Das sind seine Gedanken: „Wenn ich mich schon vor Gott nicht fürchte noch vor keinem Menschen scheue, will ich doch dieser Witwe, weil sie mir so viel Mühe macht, Recht schaffen, damit sie nicht zuletzt komme und mir ins Gesicht schlage.“  Es könnte peinlich werden für den Richter.  – Er will nicht ins Gesicht geschlagen werden.  Wer weiß, ob die Witwe das wirklich getan hätte?  Das wäre ein peinlicher Skandal für den Richter geworden. So will er nicht dastehen!  Und er läßt seine Härte hinter sich. Die Witwe wird hart, und der Richter wird weich. Das tut die Bitte der Witwe. Die Bitte macht sie stark und den Richter schwach. 

Das prägt Jesus uns allen ein.

Dazu zwei Gedanken über den Richter:

1. Er ist beeindruckt von der Beharrlichkeit dieser schwachen unbedeutenden Frau. Er ist treulos. Sie ist treu. Das versteht er nicht. Daß jemand das Recht so hoch hält, das ist dem Bösen unheimlich und unbegreiflich. Er kann es nicht erklären. Mit seinem Denken hätte er als Witwe schon längst aufgegeben. Doch die Witwe glaubt nicht an das Recht des Stärkeren, sondern an das Recht selbst. Das ist eine Macht.

2. Böse sein ist noch anstrengender, als beharrlich bitten. Böse sein ist anstrengend. Weil aber alle Kraft von Gott kommt, muß das Böse irgendwann müde werden. Die Offenbarung des Johannes sagt uns: Der Teufel, der hinter allem Bösen steckt, ist schon gestürzt. Er tobt, weil er sich selbst noch beweisen will, daß er überhaupt existiert.

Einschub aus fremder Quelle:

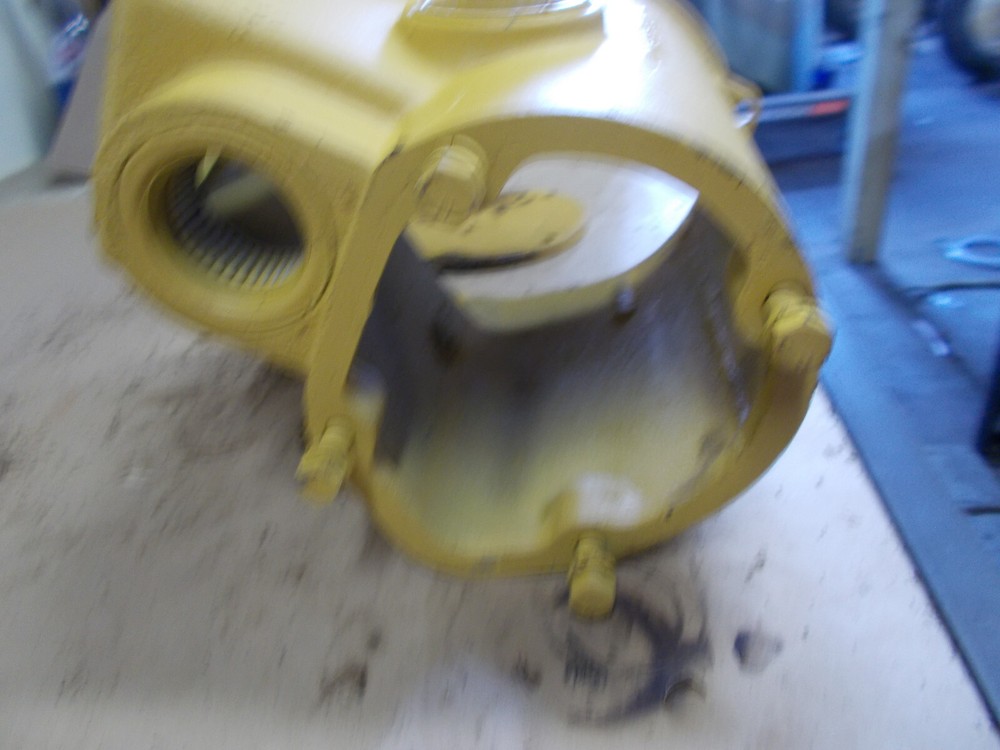 John Deere 1010 powershaft housing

Aber „er weiß, daß er wenig Zeit hat.“ (Offenbarung 12, 12).

Zurück zum Gebet. Im Gebet ist unsere Zukunft mit Gott.

Wer an Jesus glaubt in dieser Welt, der könnte sich vorkommen, wie die Witwe. Sie wird in Frage gestellt, sie wird bedrängt, sie wird verstoßen. Wenn wir uns nur überlegen, wie machtlos Gottes Gebote in der Welt sind, und wie sehr wir Teil dieser Welt sind, die Gott vergessen hat. Wenn Menschen sich über Gottes Gebote hinwegsetzen, sind sie oft besonders stolz. Und wir glauben es ihnen, daß sie sich stark, sicher und im Recht fühlen. Der Unglaube breitet sich aus. Was können wir schon machen?

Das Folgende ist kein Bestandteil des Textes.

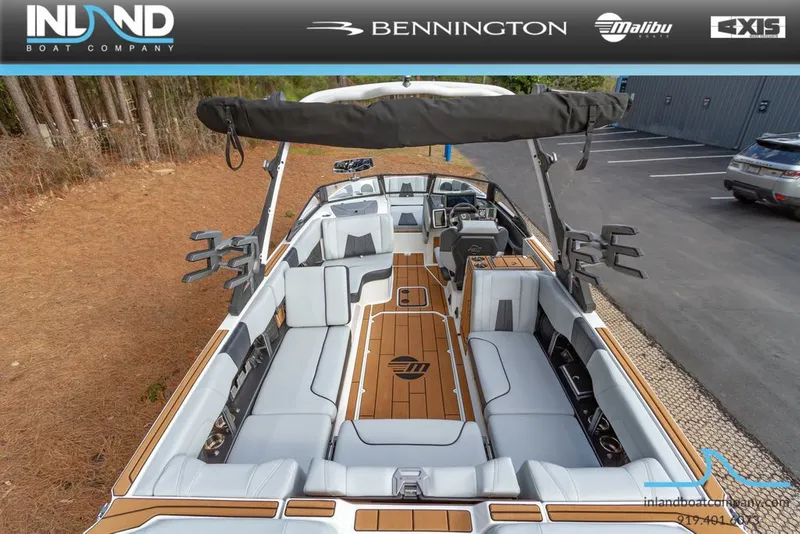 Slide: The Image of Malibu Wakesetter 24 MXZ 2024 - 24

Jesus sagt: Denkt ihr, Gott ist so, wie dieser scheußliche Richter?

Denkt ihr wirklich, daß Gott sich nicht bitten läßt?

Nein.

„Sollte Gott nicht auch Recht schaffen seinen Auserwählten, die zu ihm Tag und Nacht rufen, und sollte er’s bei ihnen lange hinziehen?“

Unser Gebet macht das Böse müde. Das ist, was Jesus sagt.

Der Teufel, die Welt, aber auch unser egoistische alte Adam kann das Gebet nicht erklären oder begreifen. Am Ende wird das Gebet stärker sein. 

Das Gebet zeigt – daß wir nicht nur das sind, was die Welt aus uns machen will.

Das Gebet ist eine Frucht aus Gottes Zukunft schon jetzt.

So sind alle Glaubensfrüchte. Sie lassen uns erleben, daß Gott in uns aktiv ist.

 Der Friede Gottes, welcher höher ist, als alle Vernunft, der bewahre eure Herzen und Sinne in Christus Jesus. Amen.